It's a specious argument.


Mine? 'Oversimplified logic?'

I love it.

Yes, it's simple.

And it's logical.

The fact is, you can't make an argument from silence stick, Ros.

If you want to look at a strata of rock (that's supposed to be) from the X Period and say 'hmmmm there are no fossils of ABC animal that we can find here, therefore they must not have been around then.' ------- now THAT'S a specious argument.
0 Replies
 
rosborne979
 
  1  
Reply Wed 26 Oct, 2005 06:27 am
real life wrote:
Mine? 'Oversimplified logic?'


Yes.

The fossil evidence is not one or two shells found in a cliff. In many cases, it's the recorded change of whole ecosystems.
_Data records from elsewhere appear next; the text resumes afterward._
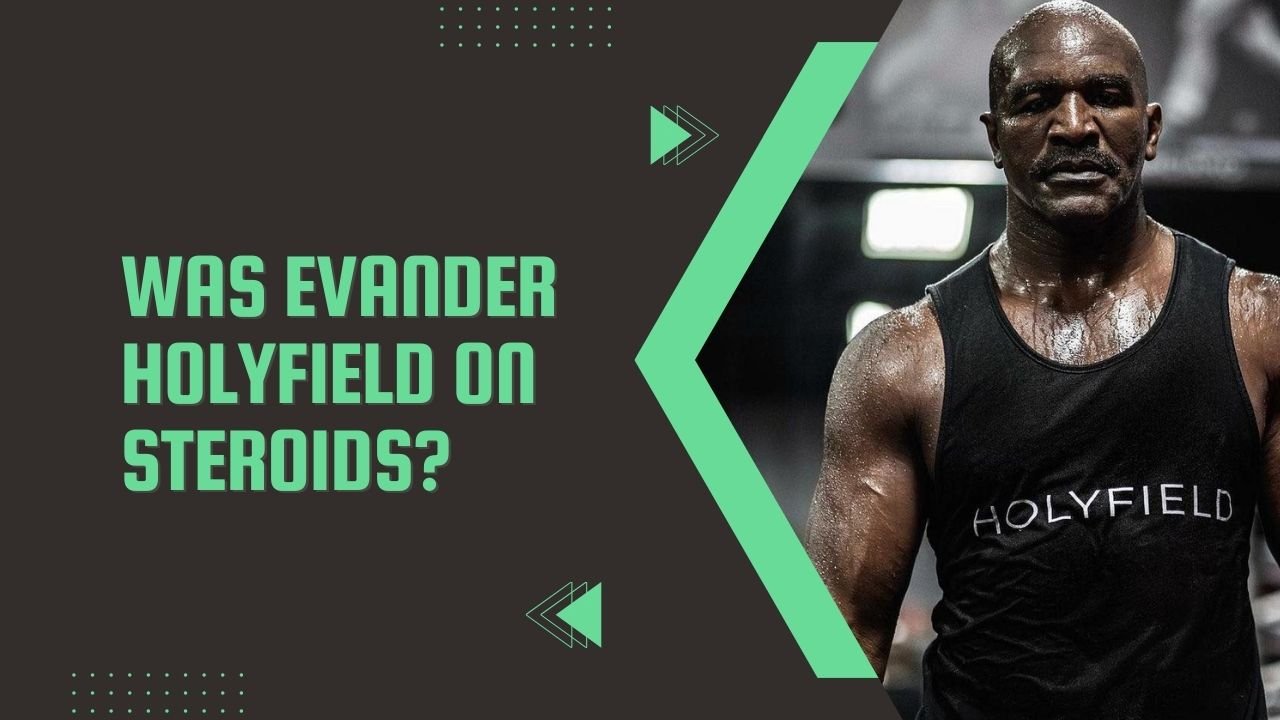 Was Evander Holyfield On Steroids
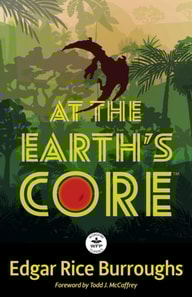 At the Earth's Core: Annotated Version with Foreword by Todd J. McCaffrey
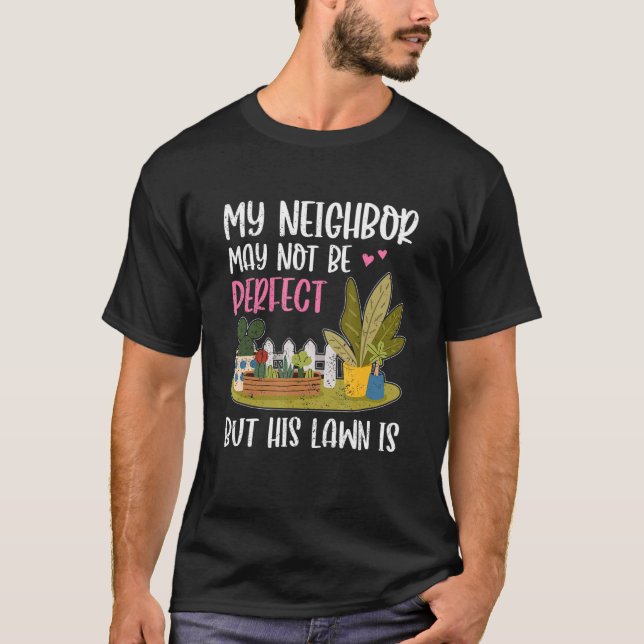 My Neighbor Is Fun Lawn Yard  Neighborhood Next Do T-Shirt (Vorderseite)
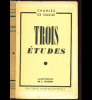 Trois études suivies du Mémorandum du 26 janvier 1940. De Gaulle Charles ; Nachin L (avant-propos)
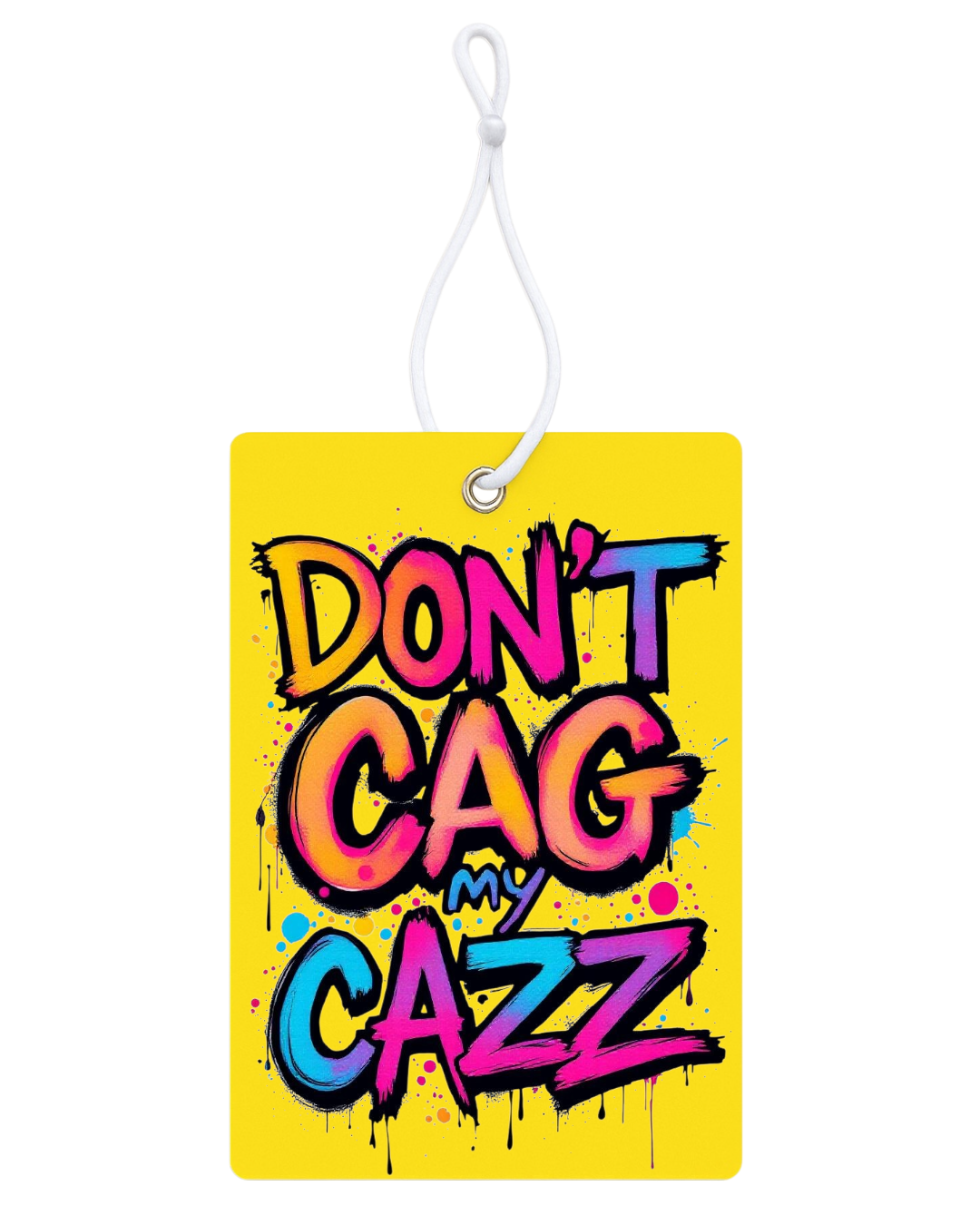 Profumatore Auto “Don’t Cag My Cazz ”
Your oversimplified logic ignores the reality of the bulk of the evidence, and focuses on an isolated logical statement which doesn't apply to the body of evidence.

Specious.
0 Replies
 
rosborne979
 
  1  
Reply Wed 26 Oct, 2005 06:32 am
neologist wrote:
Anybody want to take a stab at what constitutes proof?


Usage of the term "proof" is of course the core of the difference of opinion in many of these debates.

I use "proof" in a scientific and legal sense, where it means "proof beyond a reasonable doubt".

The other usage would be philosophical, where "proof" relates in some way to "knowing". Scientists who are talking about evolution are using proof in a scientific sense.